Published in final edited form as:
PMCID: PMC4819247
NIHMSID: NIHMS772484

What can we learn about lipoprotein metabolism and coronary heart disease from studying rare variants?

Abstract

Purpose of review

Rare variant association studies (RVAS) target the class of genetic variation with frequencies less than 1%. Recently, investigators have used exome sequencing in RVAS to identify rare alleles responsible for Mendelian diseases but have experienced greater difficulty discovering such alleles for complex diseases. In this review, we describe what we have learned about lipoprotein metabolism and coronary heart disease (CHD) through the conduct of RVAS.

Recent findings

Rare protein-altering genetic variation can provide important insights that are not as easily attainable from common variant association studies. First, RVAS can facilitate gene discovery by identifying novel rare protein-altering variants in specific genes that are associated with disease. Second, rare variant associations can provide supportive evidence for putative drug targets for novel therapies. Finally, rare variants can uncover new pathways and reveal new biologic mechanisms.

Summary

The field of human genetics has already made tremendous progress in understanding lipoprotein metabolism and the etiology of CHD in the context of rare variants. As next generation sequencing becomes more cost-effective, RVAS with larger sample sizes will be conducted. This will lead to more novel rare variant discoveries, and the translation of genomic data into biological knowledge and clinical insights for cardiovascular disease.

Keywords: Rare variant association studies, exome sequencing, lipoprotein metabolism, coronary heart disease

INTRODUCTION

The frequency of a variant can be classified into four categories: fixed, common, low frequency, and rare.
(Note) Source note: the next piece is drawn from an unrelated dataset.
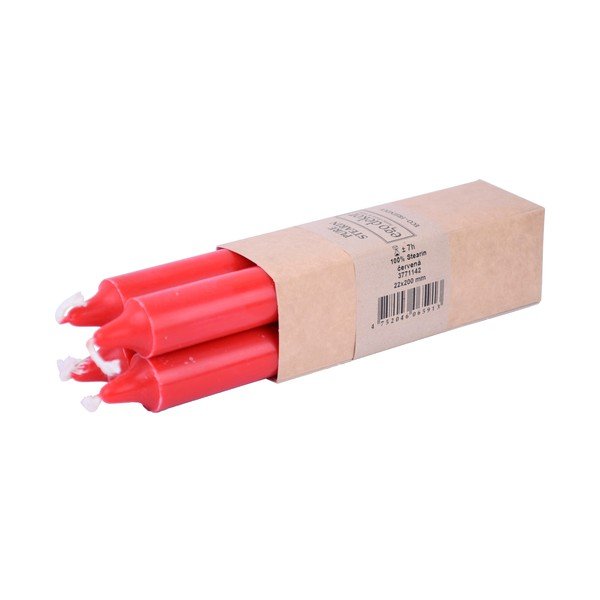 4 raudonų ilgų žvakių rinkinys Ego Dekor ED, degimo trukmė 7 val.-image-2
Fixed variants, also called monomorphic, do not vary among individuals in a population, whereas, common single nucleotide variants (SNVs) [frequency ≥ 5%] represents the other end of the allele frequency spectrum that contains the most frequent number of alleles in a SNV [1]. Because of the high frequency of common variants, these SNVs are typically captured using standard genotyping arrays and potential disease loci can be more easily detectable in populations of moderate size [2]. Furthermore, low frequency variants (frequency between 0.5–5%) have been included on most genotyping arrays [1] and imputation of low frequency variants is now possible in most human populations [3]. Unlike low-frequency variants, rare variants (frequency < 0.5%) are seen in one or a few individuals and are optimally detected using high-throughput sequencing approaches.

Protein-altering, or non-synonymous variants, are those SNVs predicted to change the amino acid sequence of a protein. A special class of rare protein-altering variants are those that result in a complete loss of function (LoF). Complete LoF mutations are SNVs predicted to create a premature stop codon (nonsense), disrupt a splice-site and indels predicted to alter the reading frame of a protein (frameshift). These variants are likely to be under strong negative selection and have a strong deleterious impact on protein function [4].
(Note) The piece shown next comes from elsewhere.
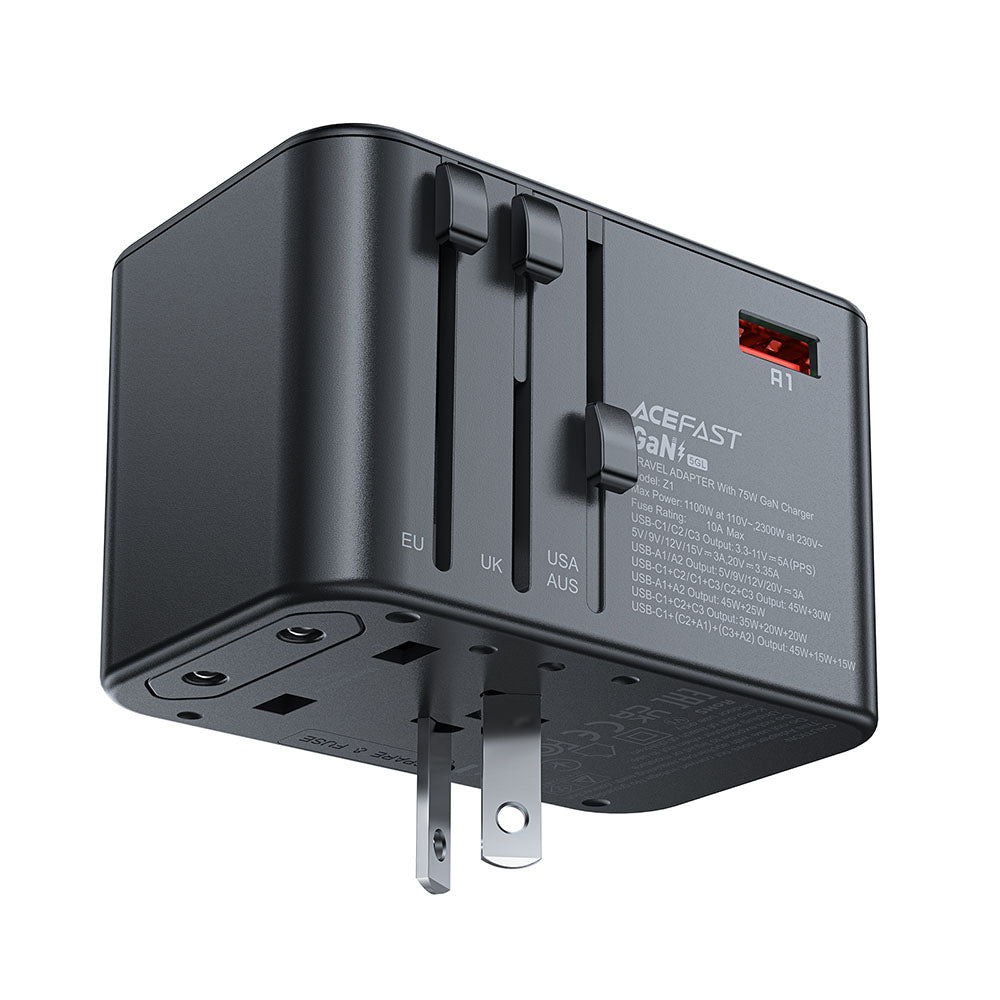 Sieťová nabíjačka Acefast Travel Z1, 75W, 3.35A, 2 x USB-A - 3 x USB-C, Čierna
Common variant association studies (CVAS; sometimes referred to as genome-wide association studies (GWAS)), typically target the class of genetic variation with frequencies greater than 1%. These studies rely on genotyping arrays, and have been successful in identifying common genetic variation associated with complex traits and diseases, including lipid metabolism and coronary heart disease (CHD) [59]. The first wave of CVAS discovered an association with CHD at the 9p21 locus [5, 6, 8, 9]. Subsequently, larger studies have now identified over >160 loci associated with blood lipids [912] and 58 loci associated with CHD [13].

Loci discovered from CVAS can span several megabases and involve dozens of genes (due to linkage disequilibrium). Fine-mapping [11] and functional validation studies [14] have helped refine association signals. However, such studies are time-consuming and in a number of cases, it still remains difficult to localize specific variants and/or genes underlying disease associations.
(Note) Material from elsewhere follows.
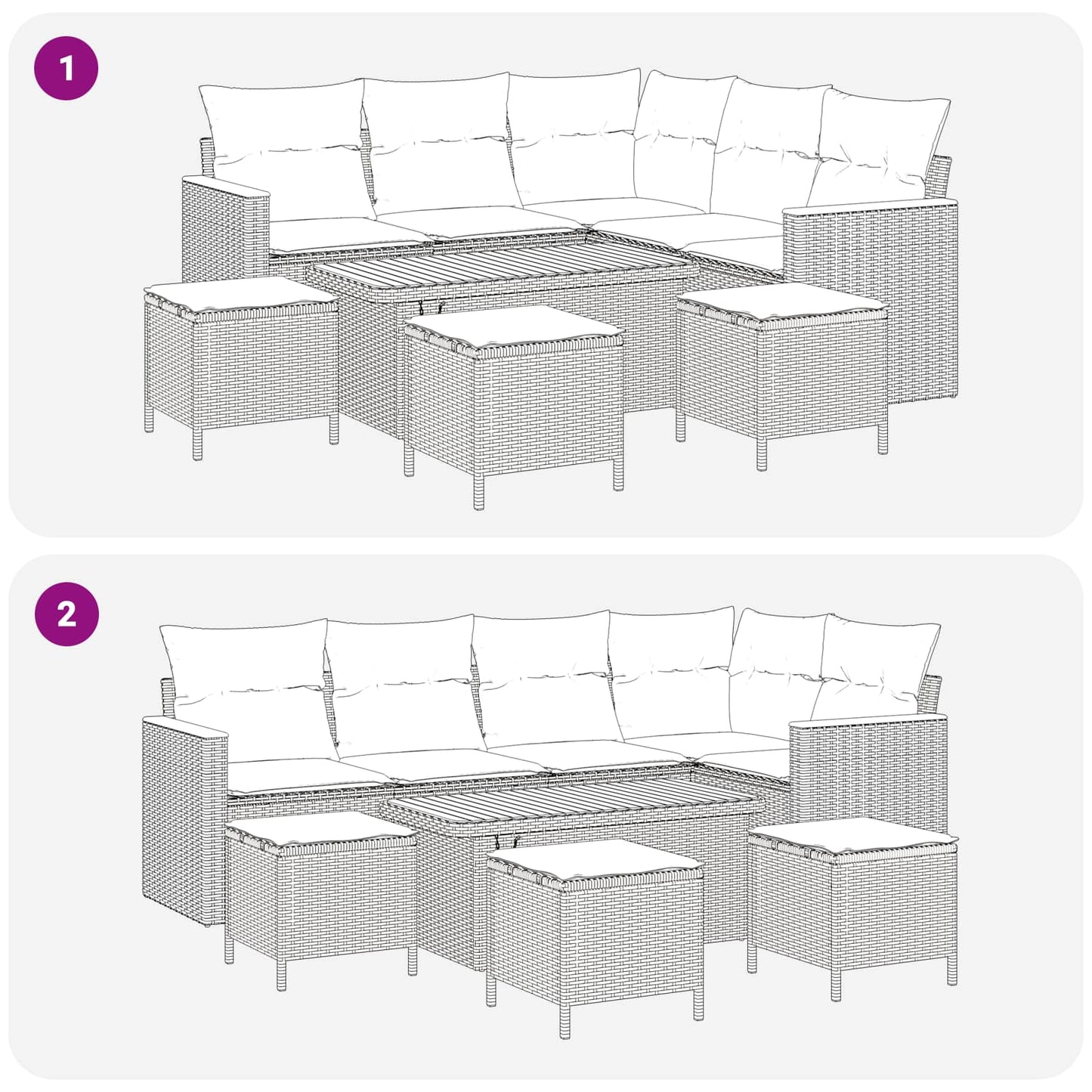 Gartensofa-set 9 stk. Schwarz Poly-Rattan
Rare variant association studies (RVAS), on the other hand, target the class of genetic variation that is generally missed by CVAS; that is, these studies can capture SNVs with frequencies less than 1%. These studies typically rely on sequencing technologies. Recently, several large-scale RVAS studies have been performed using next generation sequencing coupled with targeted capture of the protein-coding regions (“exome sequencing”). To date, investigators have used exome sequencing to identify rare alleles responsible for Mendelian diseases [15], but have experienced greater difficulty discovering such alleles for complex diseases [16].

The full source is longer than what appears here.